### Part 1 - Webscrapping

Import packages and install BeautifulSoup if necessary

In [113]:
# libraries for webscrapping
import requests
import pandas as pd
from bs4 import BeautifulSoup
import folium
# !pip install bs4  # uncomment if BeautifulSoup is not installed

# clustering and visualization
from sklearn.cluster import KMeans
from geopy.geocoders import Nominatim
import numpy as np
import matplotlib.cm as cm
import matplotlib.colors as colors

Load content of Wiki page into soup

In [114]:
URL = 'https://en.wikipedia.org/wiki/List_of_postal_codes_of_Canada:_M'
page = requests.get(URL)
soup = BeautifulSoup(page.content, 'html.parser')

Parse table from soup into meaningful dataframe ('Hints for scraping Notebook')

In [115]:
table_contents = []
table = soup.find('table')
for row in table.findAll('td'):
    cell = {}
    if row.span.text == 'Not assigned':
        pass
    else:
        cell['PostalCode'] = row.p.text[:3]
        cell['Borough'] = (row.span.text).split('(')[0]
        cell['Neighborhood'] = (((((row.span.text)
                                .split('(')[1]).strip(')'))
                                .replace(' /', ','))
                                .replace(')', ' ')).strip(' ')
        table_contents.append(cell)

df = pd.DataFrame(table_contents)
df['Borough'] = df['Borough'].replace({
    'Downtown TorontoStn A PO Boxes25 The Esplanade':
        'Downtown Toronto Stn A',
    'East TorontoBusiness reply mail Processing Centre969 Eastern':
        'East Toronto Business',
    'EtobicokeNorthwest':
        'Etobicoke Northwest',
    'East YorkEast Toronto':
        'East York/East Toronto',
    'MississaugaCanada Post Gateway Processing Centre':
        'Mississauga'})

### Part 2 Geocoder 

Get the coordinates from given csv file

In [116]:
data = pd.read_csv(
    'https://cf-courses-data.s3.us.cloud-object-storage.appdomain.cloud/'
    'IBMDeveloperSkillsNetwork-DS0701EN-SkillsNetwork/labs_v1/'
    'Geospatial_Coordinates.csv')

Rename Postal Code column to the same in the webscrapped DataFrame

In [117]:
data.rename(columns={'Postal Code': 'PostalCode'}, inplace=True)

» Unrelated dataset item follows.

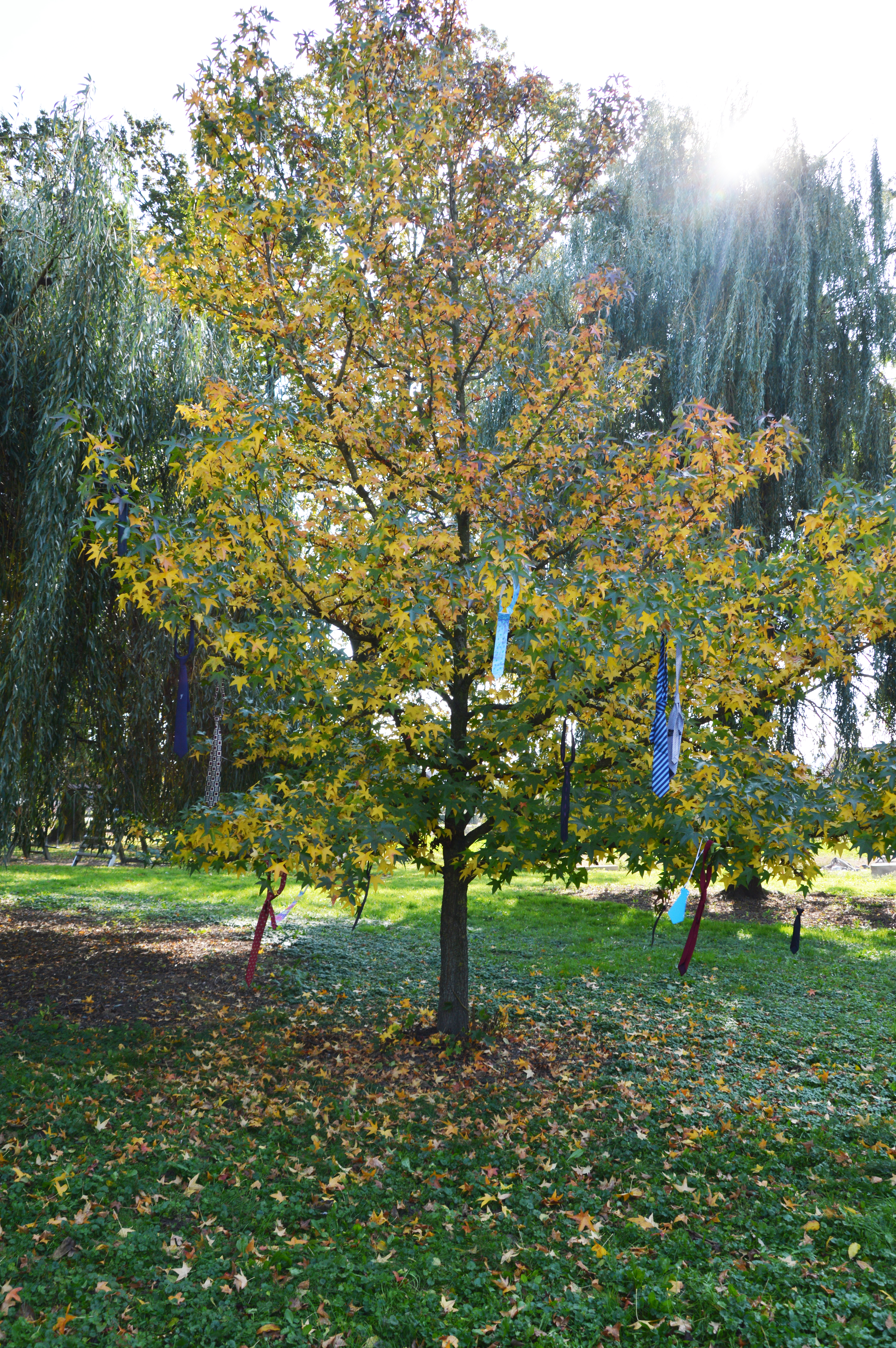 0930cdfd0481e0c6bfc06ee48b4d1bcc.jpg?v=2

Merge it with the dataframe

In [118]:
df1 = pd.merge(df, data, on='PostalCode')
df1.head()

Unnamed: 0,PostalCode,Borough,Neighborhood,Latitude,Longitude
0,M3A,North York,Parkwoods,43.753259,-79.329656
1,M4A,North York,Victoria Village,43.725882,-79.315572
2,M5A,Downtown Toronto,"Regent Park, Harbourfront",43.65426,-79.360636
3,M6A,North York,"Lawrence Manor, Lawrence Heights",43.718518,-79.464763
4,M7A,Queen's Park,Ontario Provincial Government,43.662301,-79.389494


### Part 3 Clustering (Toronto boroughs only)

In [119]:
# set up Toronto location
address = 'Toronto, TOR'
geolocator = Nominatim(user_agent="tor_explorer")
location = geolocator.geocode(address)
latitude = location.latitude
longitude = location.longitude

# select only boroughs that contains 'Toronto'
tor_boroughs = df1[df1['Borough'].str.contains('Toronto')]
tor_boroughs.head()

Unnamed: 0,PostalCode,Borough,Neighborhood,Latitude,Longitude
2,M5A,Downtown Toronto,"Regent Park, Harbourfront",43.65426,-79.360636
9,M5B,Downtown Toronto,"Garden District, Ryerson",43.657162,-79.378937
15,M5C,Downtown Toronto,St. James Town,43.651494,-79.375418
19,M4E,East Toronto,The Beaches,43.676357,-79.293031
20,M5E,Downtown Toronto,Berczy Park,43.644771,-79.373306


In [120]:
# create map of Toronto using latitude and longitude values
map_toronto = folium.Map(location=[latitude, longitude], zoom_start=11)

# add markers to map
for lat, lng, label in zip(tor_boroughs['Latitude'], tor_boroughs['Longitude'],
                           tor_boroughs['Neighborhood']):
    label = folium.Popup(label)
    folium.CircleMarker([lat, lng], radius=5, popup=label).add_to(map_toronto)

map_toronto

In [121]:
kclusters = 5  # number of clusters
tor_boroughs_clust = tor_boroughs[['Latitude', 'Longitude']]  # location

# run k-means clustering
kmeans = KMeans(n_clusters=kclusters, random_state=0).fit(tor_boroughs_clust)
kmeans.labels_[:]  # check labels

array([4, 4, 4, 1, 4, 4, 0, 4, 3, 1, 4, 0, 1, 4, 0, 1, 4, 1, 2, 2, 2, 2,
       3, 2, 0, 3, 2, 0, 3, 2, 0, 2, 0, 4, 4, 4, 4, 4, 1], dtype=int32)

In [122]:
# append labels to the tor_boroughs_clust
tor_boroughs_clust.insert(0, 'Cluster', kmeans.labels_)

In [123]:
# merge it with tor_boroughs on location
tor_boroughs_clustered = pd.merge(tor_boroughs, tor_boroughs_clust,
                                  how='left', left_on=['Latitude', 'Longitude'],
                                  right_on=['Latitude', 'Longitude'])
tor_boroughs_clustered.head()

Unnamed: 0,PostalCode,Borough,Neighborhood,Latitude,Longitude,Cluster
0,M5A,Downtown Toronto,"Regent Park, Harbourfront",43.65426,-79.360636,4
1,M5B,Downtown Toronto,"Garden District, Ryerson",43.657162,-79.378937,4
2,M5C,Downtown Toronto,St. James Town,43.651494,-79.375418,4
3,M4E,East Toronto,The Beaches,43.676357,-79.293031,1
4,M5E,Downtown Toronto,Berczy Park,43.644771,-79.373306,4


In [125]:
# final visualization
map_clusters = folium.Map(location=[latitude, longitude], zoom_start=11)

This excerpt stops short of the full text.